My two cents (I remind you of the disclaimer on the right side of this blog): From a layperson's perspective (i.e. as an accountant, not a lawyer), I was surprised by Khuzami's statement (and, in turn, the related statement of the First Circuit) that implies documentation prepared in contemplation of potential litigation - and documentation prepared to support tax accruals, litigation accruals, or other financial statement items - are necessarily mutually exclusive; I can see how certain documentation could be understood to potentially fulfill both purposes (although I am aware that there are specified practices and Federal Rules of Evidence, etc. with respect to maintaining and protecting privilege.)

Notably, there appears to be some precedent in certain circuits (although not the First Circuit) in which preparation of certain documents in anticipation of potential litigation as a 'primary motivating purpose' - even if not the sole purpose - of creating the documentation, satisfies some Circuit Courts that the documents should be considered privileged. See: The pursuit of transparency does not trump the work product privilege, by Michelle M. Henkle, Tax Executive Magazine, May-June 2008.

However, in the event that detailed workpapers prepared solely for litigation are to retain privilege, companies are at risk of waiving the privilege by disclosing that information to their auditors to back up tax accruals, litigation accruals, or other items. Thus, companies are is in a catch-22 situation: if their audit firm insists on viewing certain documentation (which the client viewed as privileged) in support of, e.g., a tax accrual - as opposed to agreeing to alternate means of becoming satisfied with the accruals - companies may have to choose between potentially waiving privilege, or enduring the wrath of their auditor (which theoretically could result in, e.g., a qualified audit opinion, or in the auditor resigning from the engagement.)

I asked Stan Keller of law firm Edwards Angell Palmer & Dodge LLP about Khuzami's remarks on privilege. Keller serves as Chair of the American Bar Association's Committee on Audit Responses, and has served as a member of ABA's Task Force on Attorney-Client Privilege. Here's what Keller said:

The Textron decision represents one Circuit's view and is contrary to the position of several other Circuits providing broader work product protection. Indeed, Textron has petitioned the U.S. Supreme Court to grant certiorari review. I would think the SEC should also be concerned about the ability of issuers to share information with their auditors to insure the integrity of financial reporting and the effectiveness of audits.
Later, I was able to track down Susan Hackett, Senior Vice President and General Counsel of the Association of Corporate Counsel, who is leading ACC's advocacy efforts on Privilege Protection, for her views.
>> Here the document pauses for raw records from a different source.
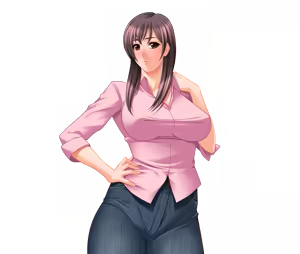 Page 478 of Onnazakari wa Toshishita Gonomi "Honki no Sex Oshiete A-ge-ru" | Mature Woman Hunting Younger Prey "I'll Teach You About Real Sex!" (Character & Background CG) 1/2 - preview thumbnail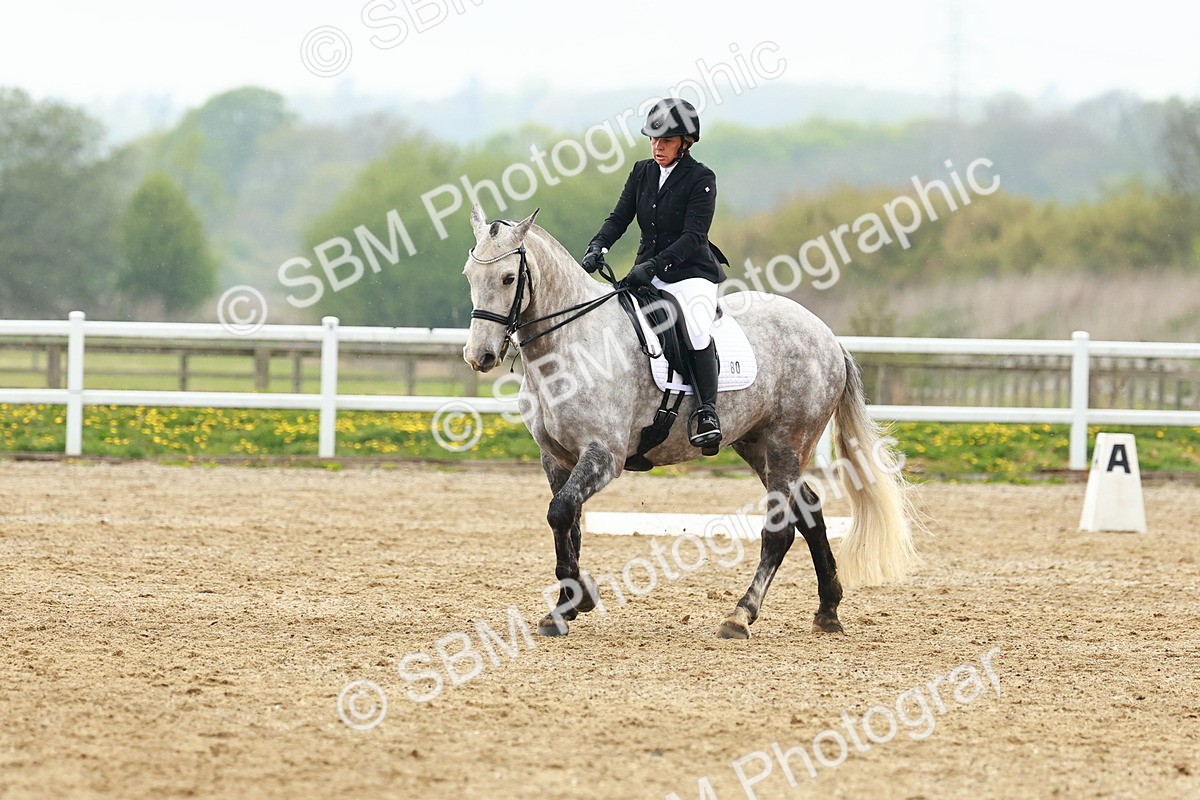 SBM_002484 - Class 12 - M4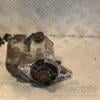 Стартер Toyota Yaris 1.4 D-4D 1999-2005 2810033050 441221 - 4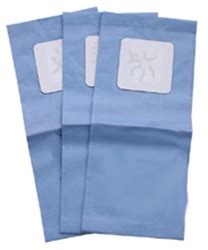 Beam Central Vacuum Bags (3pk) | Mountain Central Vac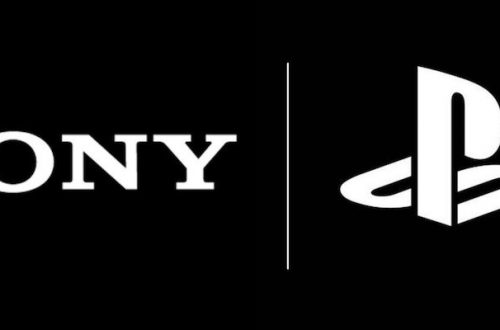 Акции Sony рухнули после известия о сделке Microsoft и Activision Blizzard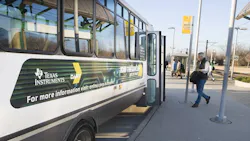 Dart 5da49bb256647 Dart 5da49bb256647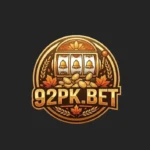 92Pk Game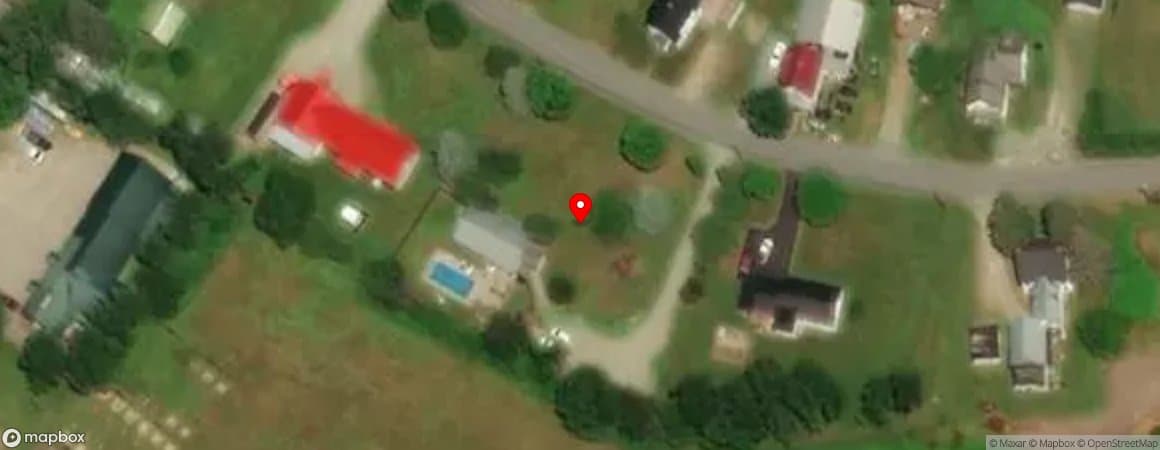 House image located at Lancaster, New Hampshire, 3584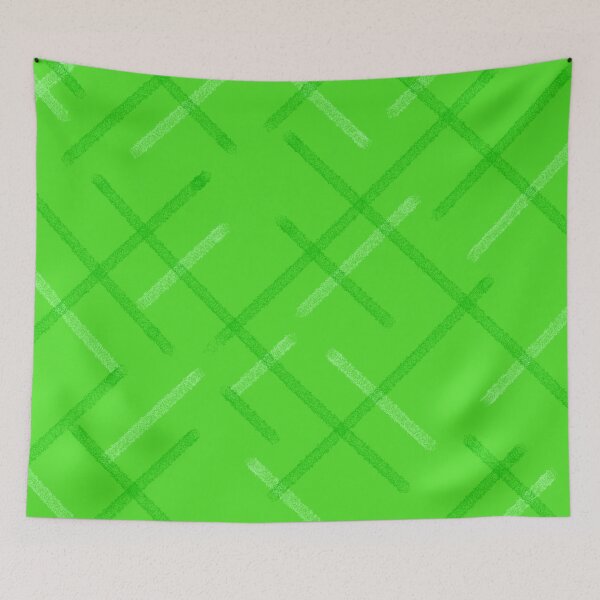 Item preview, Lines Crisscross, Green designed and sold by SariePhotograph.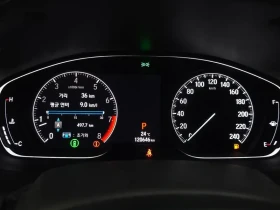 Honda Accord 10Th Generation 2.0 Turbo Sports | Mobile.bg � ����� ������ 16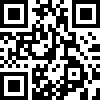 https://imna.ir/xbvhH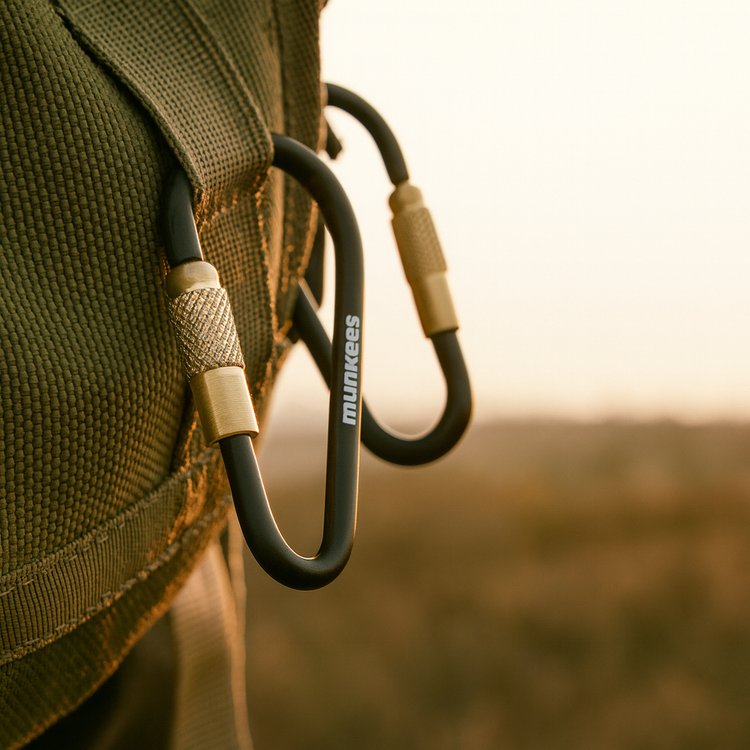 Karabiner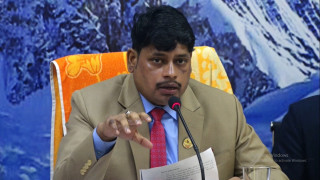 नेपालमा सुर्ती गुड्का सम्बन्धी कच्चा पदार्थको निर्यात विवरण माग गर्ने समितिको निर्णय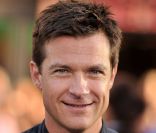 Jason Bateman à l\'avant-première de <em>Green Lantern</em> au Grauman\'s Chinese Theatre de Los Angeles, le 15 juin 2011.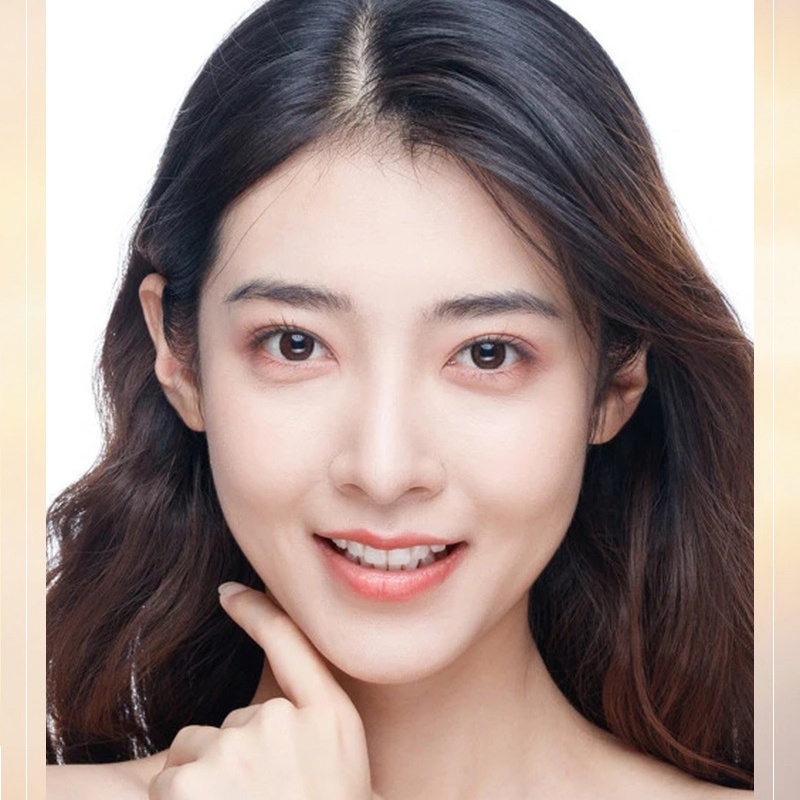 [Hàng mới về] Kem Nền Kimuse Dạng Lỏng Chống Thấm Nước Kiềm Dầu Cao Cấp | BigBuy360 - bigbuy360.vn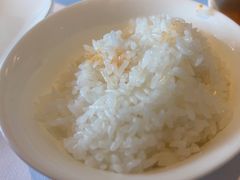 -粤界(望京金辉店)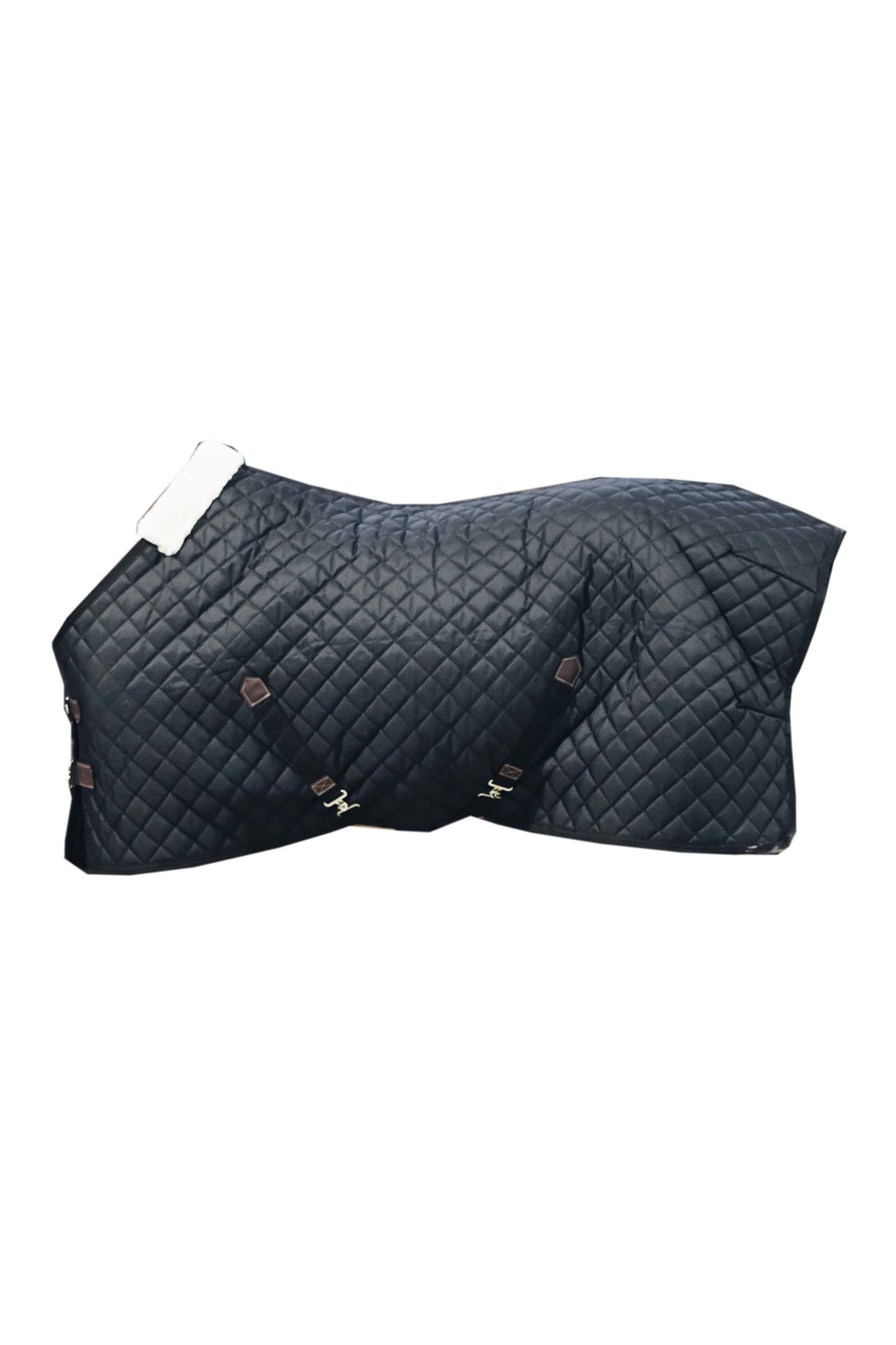 Derka stajenna Kentucky Horsewear 400g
I shared with her Stan Keller's comments which I received earlier in the day; here's what Hackett had to say:
Stan’s right about this decision being such a deviation from other authority defining attorney work product protections. ACC will join many others in the legal and business community to protest this latest ruling and request that the Supreme Court set the record straight. This decision hamstrings public companies’ in-house lawyers from advising auditors and corporate financial managers in a manner that promotes accuracy and transparency in financial reporting and certification. It eviscerates the notion that the in-house lawyer can share legal assessments with company auditors without risking waiving the client’s privilege; so is the message that in-house lawyers and auditors shouldn’t talk? Or that they should only talk when they can provide happy news that they wouldn’t mind seeing on the front page tomorrow? According to the court that issued this most recent ruling, ‘any lawyer’ would call Textron’s counsel’s assessment of potential liability mere tax or business documents, not litigation documents that would afford them work product protections. But by ‘any lawyer,’ the court is certainly not referring to the 24,000 in-house counsel members of ACC.
Other Topics Covered by Khuzami:
'Cooperation Initiative, Fraud, Audit Committees, Clawbacks
Khuzami - who as noted in this press release formerly served as a federal prosecutor for 11 years with the United States Attorney's Office for the Southern District of New York, and as General Counsel for the Americas at Deutsche Bank - also covered these topics in his remarks at the AICPA conference:
  • Changes in the Enforcement Division
  • The Division's new 'Cooperation Initiative' (which, he noted, could pose conflicts of interest for certain attorney-client relationships)
  • Financial Statement and Accounting Fraud (detailing some recent high profile cases)
  • The Role of Audit Committees
  • "Clawback” Under Section 304 of the Sarbanes-Oxley Act, and
  • Hedge Funds and Derivatives
Enforcement Associate Chief Accountant's Advice For Preparers, Auditors
Jason Flemmons, Associate Chief Accountant in the SEC's Division of Enforcement, followed Khuzami's remarks at the AICPA conference, by detailing more of the Division's efforts on financial statement and accounting fraud. Here's a few highlights from Flemmons' remarks:
Recent conditions have put significant strain on core necessities such as financial solvency and access to credit. I firmly believe that these additional pressures have only increased the risk and motivation for companies to commit financial fraud. Challenging economic times are not immune to financial skullduggery. To the contrary, financial fraud is 100% recession proof.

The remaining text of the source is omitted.